Additional information on the tunneling project can be found in the September 6, 1924 issue of Electric Railway Journal.

The first train entered the tunnel on November 29, 1925, with a ginger-ale christening for opening day the following day (This was during Prohibition).
On June 19, 1955, the Pacific Electric tunnel closed after nearly thirty years of service.
In 1961, the Los Angeles Metropolitan Transit Authority proposed the “Backbone Route,” a 22.7 mile-long first leg of yet another rapid transit proposal for Los Angeles. (After Wilshire Corridor stakeholders squelched the idea for a Los Angeles monorail system in their area in 1960, that proposal consisting of 74.9 mile plan for mostly overhead rail lines was scrapped).
The City of Beverly Hills Director of Public Works stated in a Los Angeles Times article that if rail were to come through Beverly Hills, it needed to be underground. The proposed Backbone Route would run from El Monte through downtown Los Angeles and Beverly Hills to then-new Century City.
In 1968, Southern California Rapid Transit District (SCRTD) submitted a “Final Report to the people of the Los Angeles Metropolitan Area regarding a first-stage system of Rapid Transit.” The 128-page Final Report proposed a comprehensive rapid transit system, including subway portions.
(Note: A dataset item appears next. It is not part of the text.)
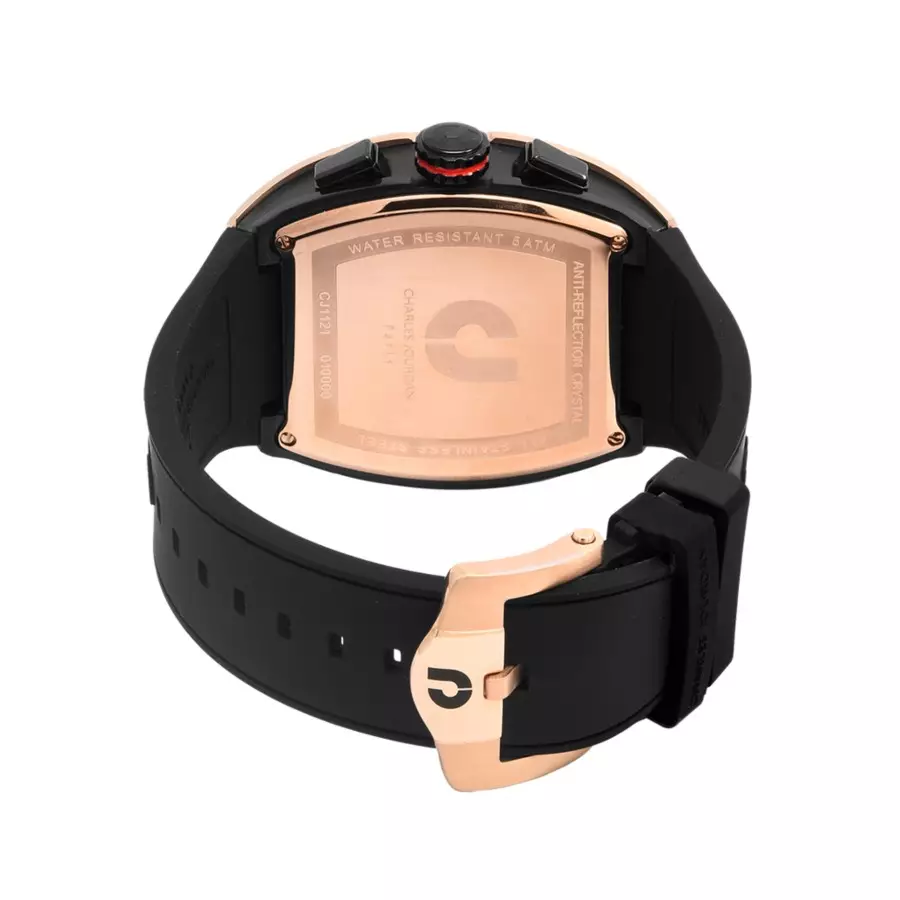 Charles Jourdan CJ1121-1732C Karet Hitam Rosegold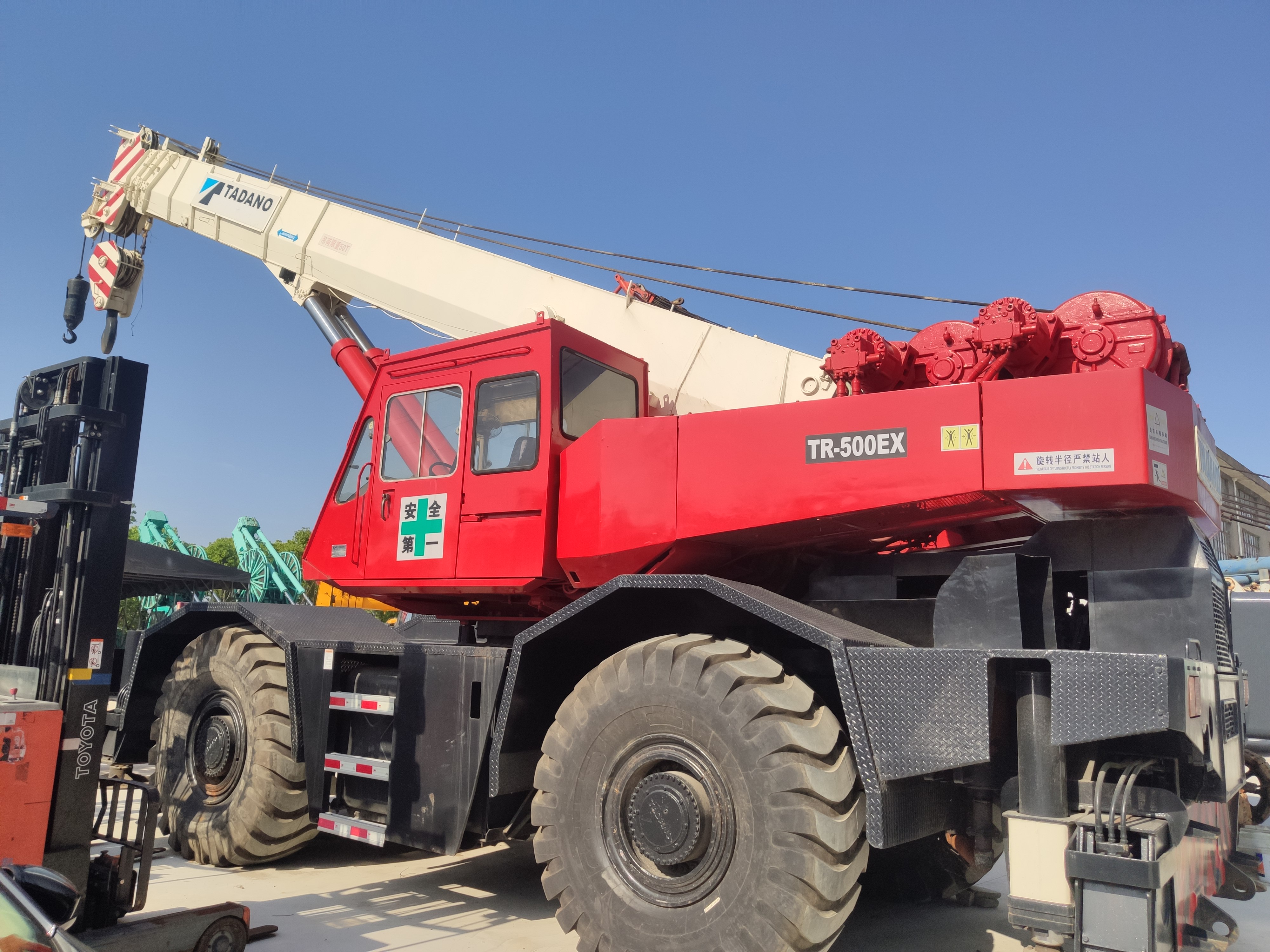 Tadano 50 Ton off Road Crane - Durable & Powerful Performance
It also put forth plans for rail to Los Angeles International Airport (LAX), a downtown “Metroport” providing express service to LAX, and various other ambitious proposals.
The 1968 plan justified its ambitious goals by noting that more than two-thirds of the entire population of Los Angeles County lived within ten minutes travel time of the recommended routes, and that 42% of the estimated 1980 total employment in Los Angeles County would be employed within one mile of the Rapid Transit System.
On October 30, 1974, SCRTD released a proposal for A Possible Alternative Rapid Transit Plan (In The Event That Proposition “A” Does Not Pass). It noted that:
There are 169 miles of existing and former railroad rights-of-way available, and if five sections (totaling 1~ miles) of subway are constructed, an effective 183 mile rapid transit system can be developed using all corridors recommended in the Corridor Study, except the lines along Wilshire and across Hollywood. Rapid Transit along the Wilshire Corridor is essential in any event as the “Exposition” rail alignment…will not take its place.
It appears that in six years, rail rapid transit service can be established and completed between Van Nuys and Long Beach, via the [Central Business District], as an initial 42 mile route, financed with the 1/3 local share from Proposition 5 gasoline tax money and 2/3 from [Urban Mass Transit Administration — precursor to Federal Transit Administration].
The 1974 report also mentions that if Glendale and Burbank are willing to put up the difference in cost between aerial and cut-and-cover subway, in order to assure the presence of rapid transit through their communities, that certainly could be done. It also notes the cost differential for a subway station in Pasadena, as opposed to using an existing surface rail station.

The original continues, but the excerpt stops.